→ Activity: Starting at the line that contains "Profil użytkownika „Vaidehi" and stopping at the line that contains "Vegetable sandwich recipe/", restate each line of the records below exactly. Omit the pictures.

→ Data extracted from a collection:
============

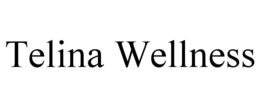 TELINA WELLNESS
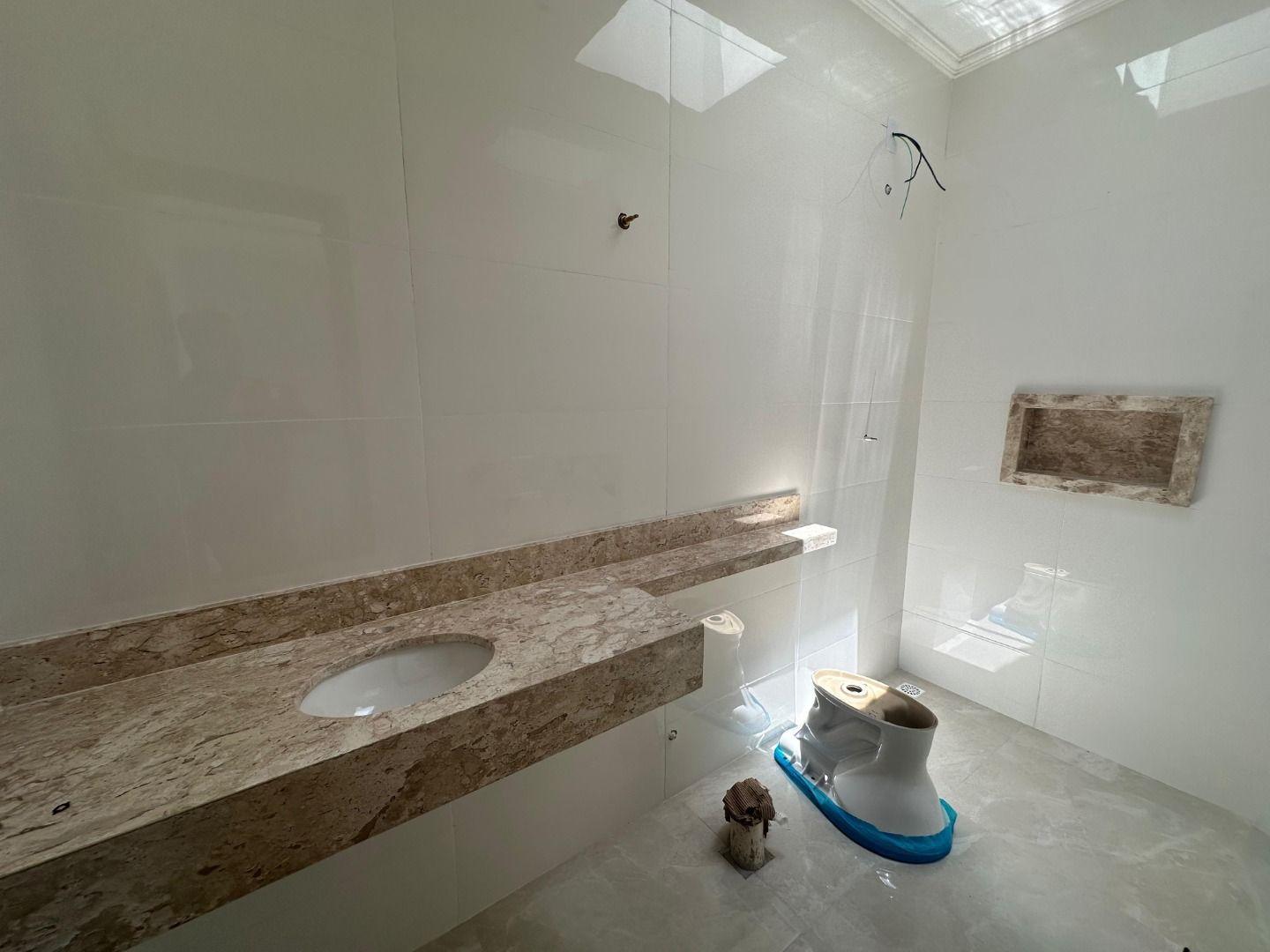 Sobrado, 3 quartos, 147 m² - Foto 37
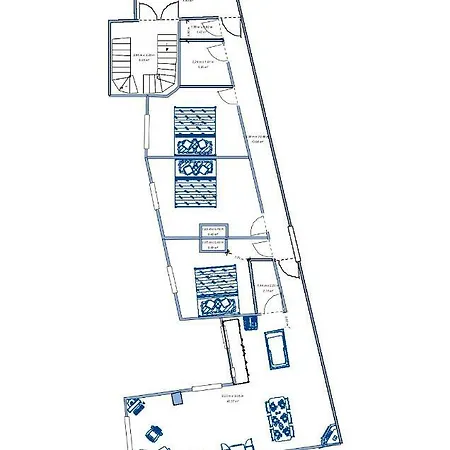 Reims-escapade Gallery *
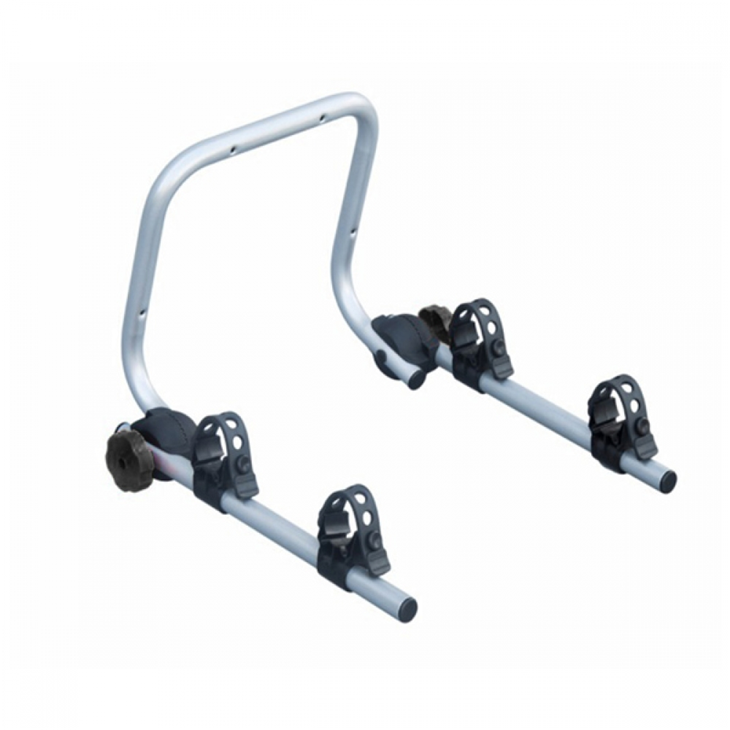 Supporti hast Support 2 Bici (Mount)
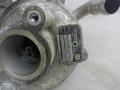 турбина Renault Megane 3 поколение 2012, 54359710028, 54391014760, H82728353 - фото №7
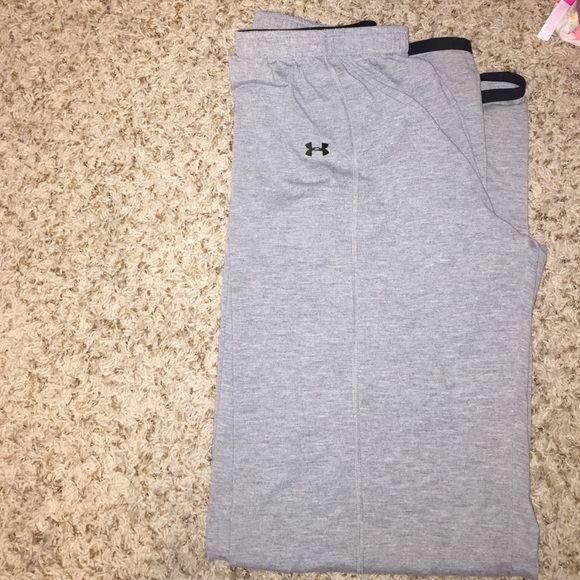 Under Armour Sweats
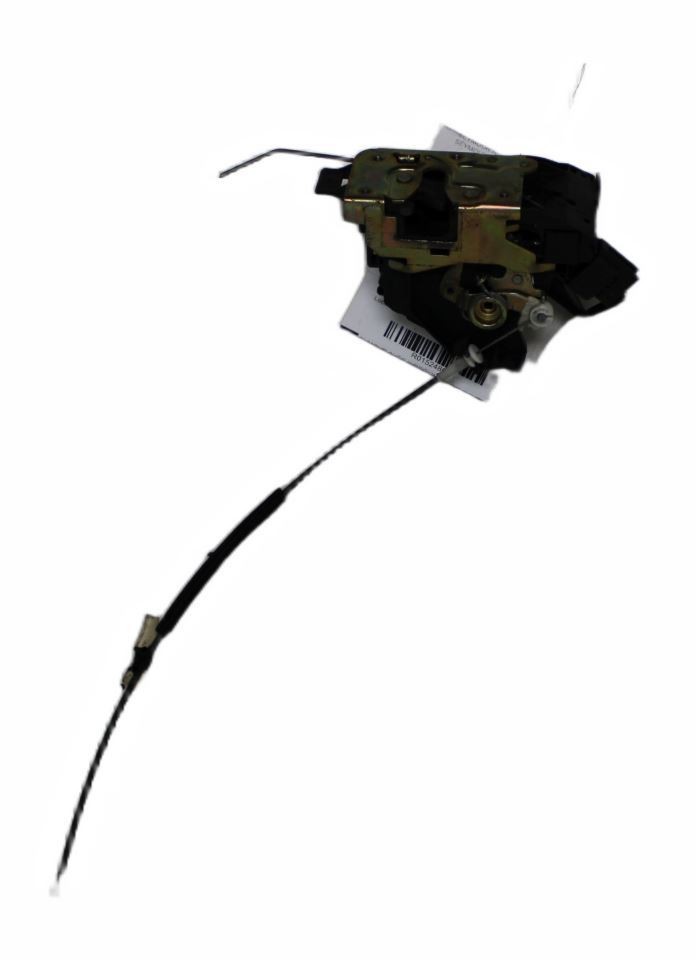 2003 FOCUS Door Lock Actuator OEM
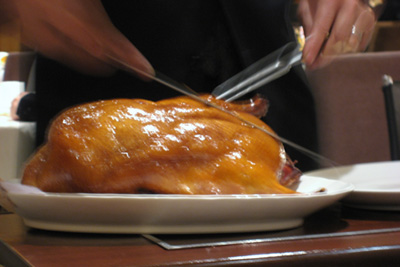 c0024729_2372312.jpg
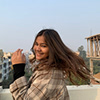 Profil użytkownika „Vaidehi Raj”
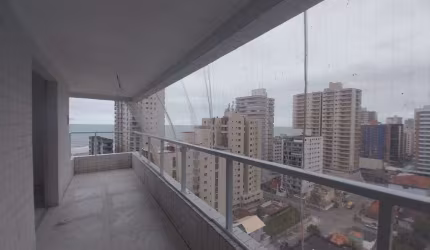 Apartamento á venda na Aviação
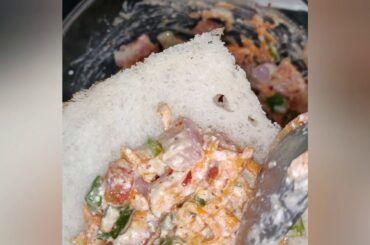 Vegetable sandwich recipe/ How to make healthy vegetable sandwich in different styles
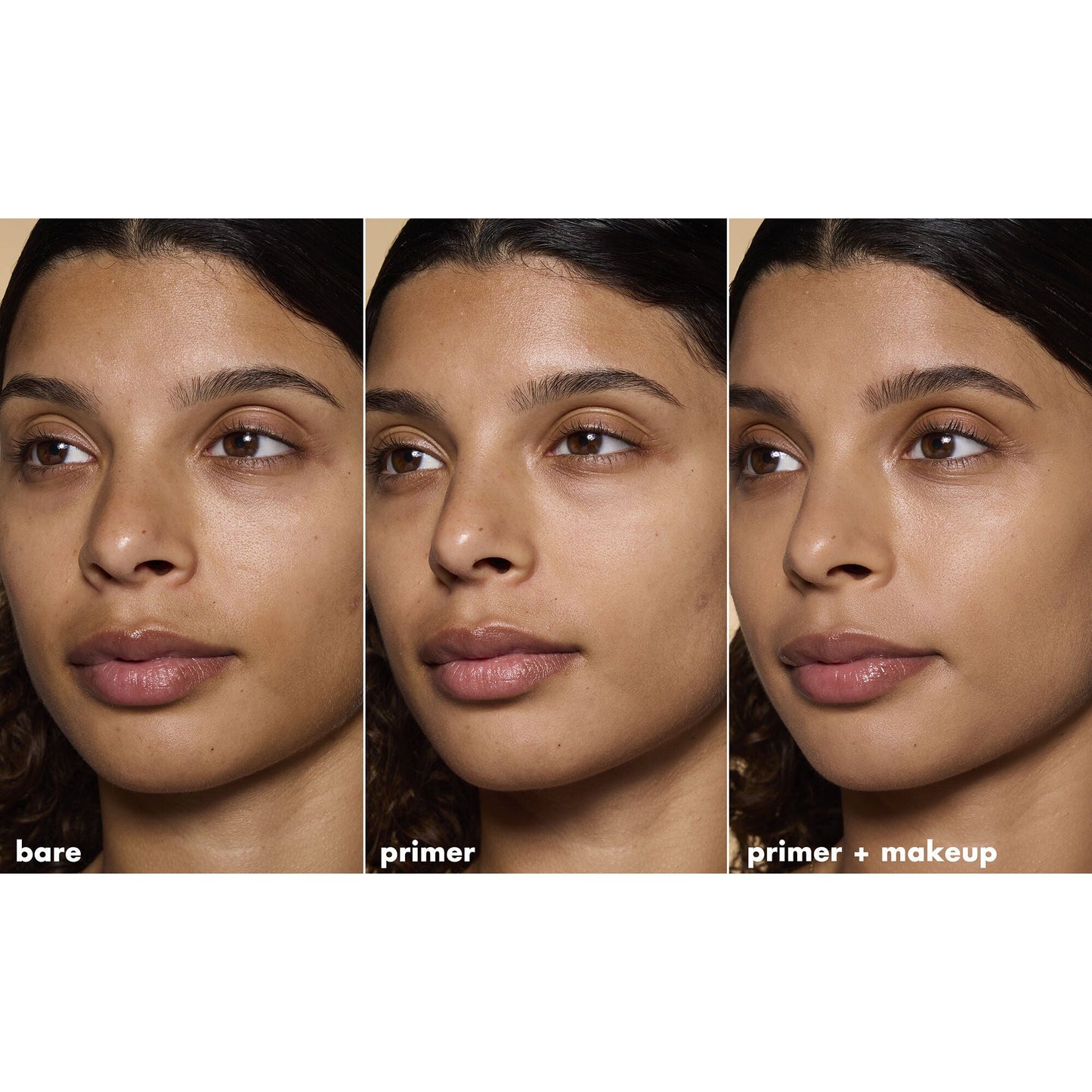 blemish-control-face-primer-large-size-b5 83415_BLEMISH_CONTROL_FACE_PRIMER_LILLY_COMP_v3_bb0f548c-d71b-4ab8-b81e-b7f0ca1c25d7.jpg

============

→ Answer area:
 Profil użytkownika „Vaidehi Raj”
 Apartamento á venda na Aviação
 Vegetable sandwich recipe/ How to make healthy vegetable sandwich in different styles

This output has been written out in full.